Weniger als 10 % sollte man übrigens auf keinen Fall schätzen. Und auch die 10% gelten nur, wenn wirklich ein sehr fähiger Projektleiter auf der Gegenseite sitzt. Üblich sind tatsächlich ehr 20 %. Die Zeit ist für Abstimmungsmeetings mit dem Kunden, Statusreports, Zeitenbuchung, Teilergebnisvorstellung und ähnliches angesetzt.

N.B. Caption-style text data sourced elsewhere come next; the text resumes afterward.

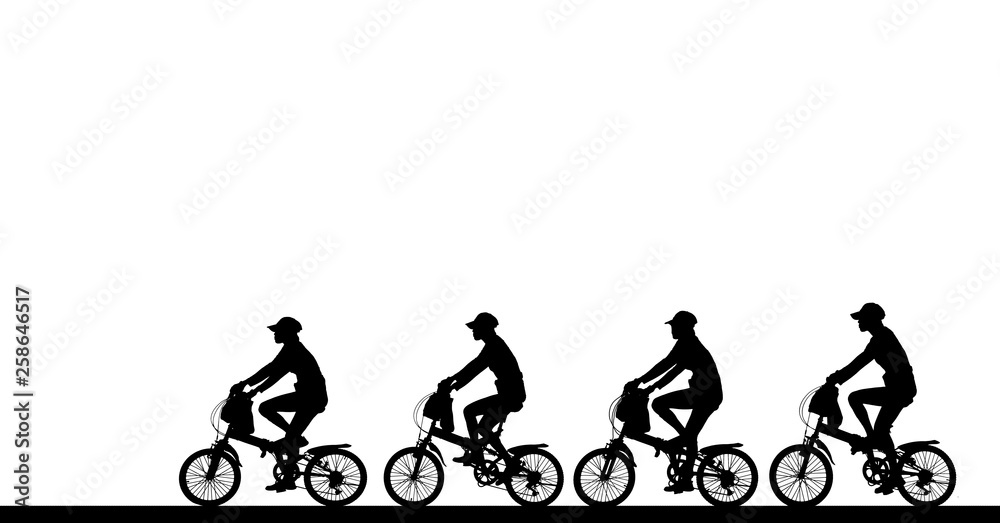 Obraz premium silhouette cyclists bicycle riders on white background.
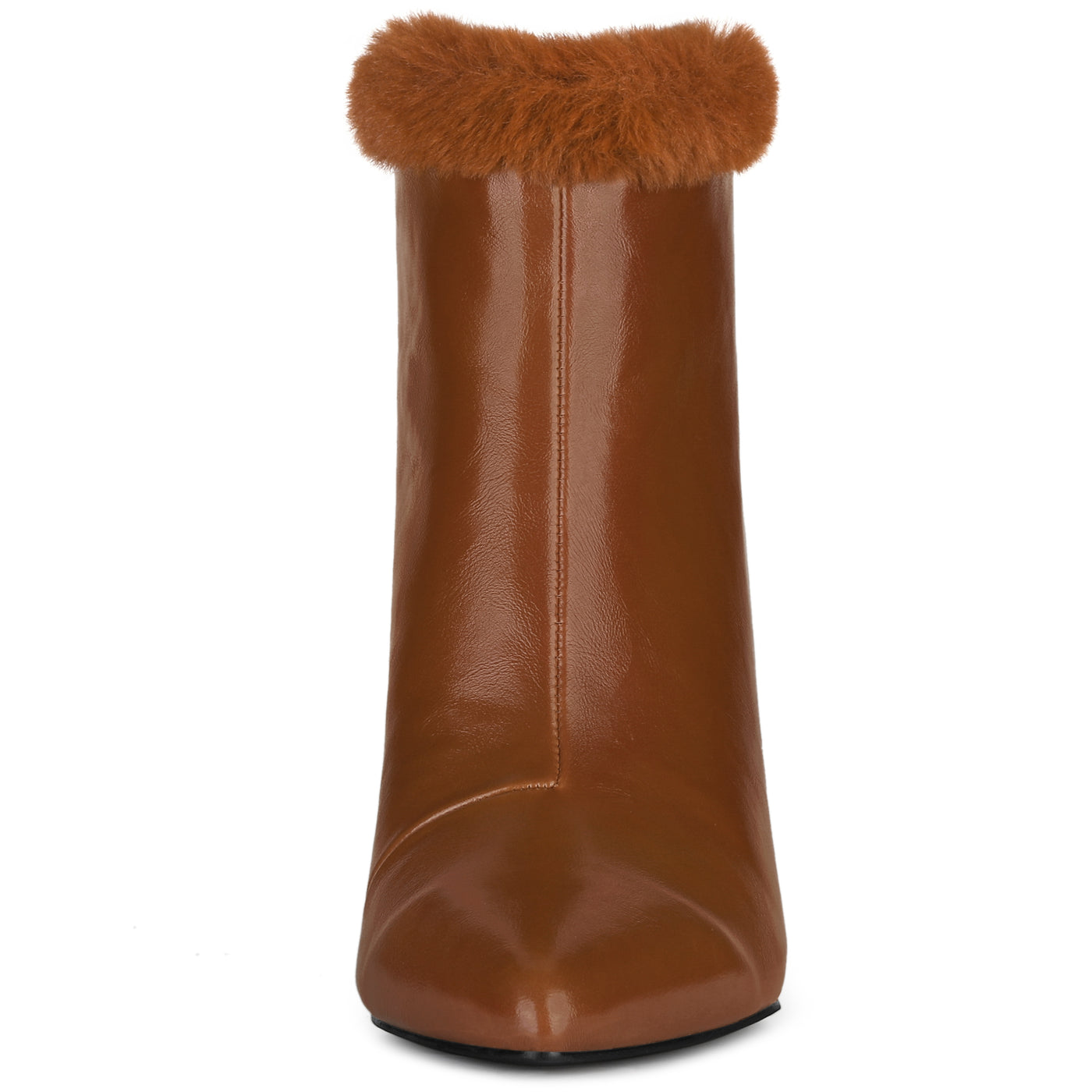 Allegra K Pointed Toe Faux Fur Block Heel Ankle Boots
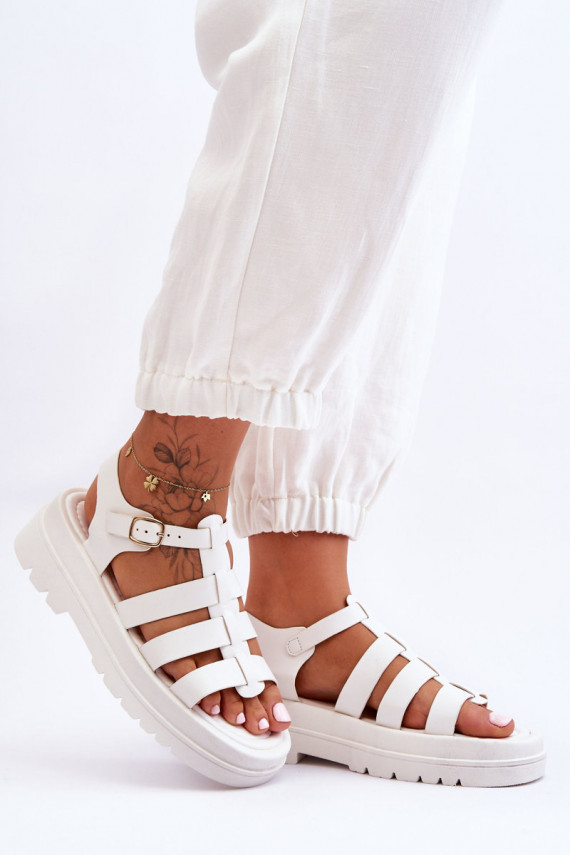 Leather Sandals With Stripes White Colet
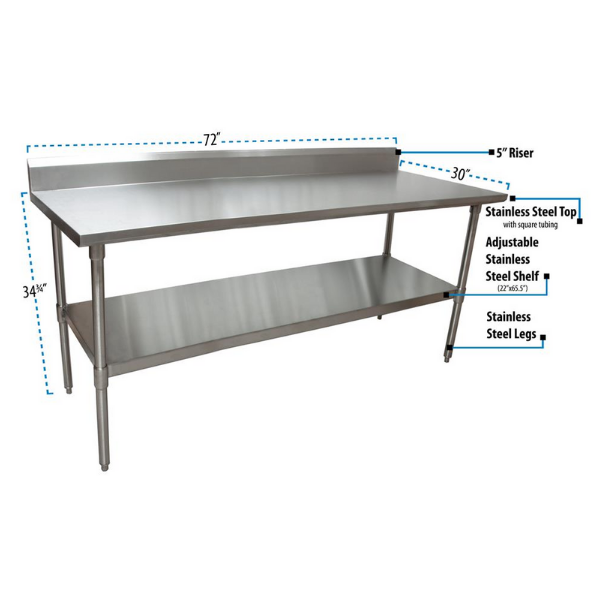 BK Resources (QVTR5-7230) 14 GA. T-304 5" Riser 72 X 30 Table Stainless Steel Base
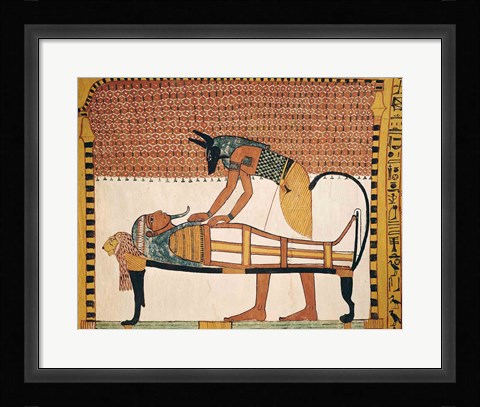 Framed Anubis attends Sennedjem's Mummy Print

Was ist nun also die Empfehlung für die Projektleiter-Frage? Das lässt sich leider nicht ganz einfach beantworten. Ist man neu bei einem Kunden ist man immer in der ungünstigen Situation, dass man den Projektleiter und seine Arbeitsweise nicht kennt. Ein guter Rat wäre es, den Projektleiter in Erfahrung zu bringen. Während es bei den Lieferanten üblich ist eine Vita zu verlangen, ist das umgekehrt leider nicht zu erwarten. Daher wäre das beste den Projektleiter um ein persönliches Gespräch zu bitten um die Stärken und Schwächen etwas auszuloten. Wenn das aus diversen Gründen nicht möglich ist, würde ich tatsächlich einen Aufwand von 20 % veranschlagen und einen eigenen Projektleiter einsetzen. Sollten in der Ausschreibung bereits Punkte auftauchen, welche die Kompetenz des Projektleiters fragwürdig machen, sollte man dies mit zusätzlichen Risiken bewerten. Diese Punkte könnten beispielsweise sein, dass kein fester Zeitplan aus der Ausschreibung ersichtlich ist, oder der Kunde insgesamt in seinem Kommunikationsverhalten unzuverlässig oder unschlüssig wirkt. In diesem Fall sollte man durchaus noch einmal 5% aufschlagen. Ist der Kunde hingegen bereit zu einem Gespräch und macht der Projektleiter auf den ersten Eindruck einen Kompetenten Eindruck, würde ich den Aufwand um 5% reduzieren und lediglich 15 % veranschlagen. Weiter sollte man diese Aufwände tatsächlich nur reduzieren, wenn man bereits erste Projekterfahrung mit dem Kunden-Projektleiter sammeln konnte.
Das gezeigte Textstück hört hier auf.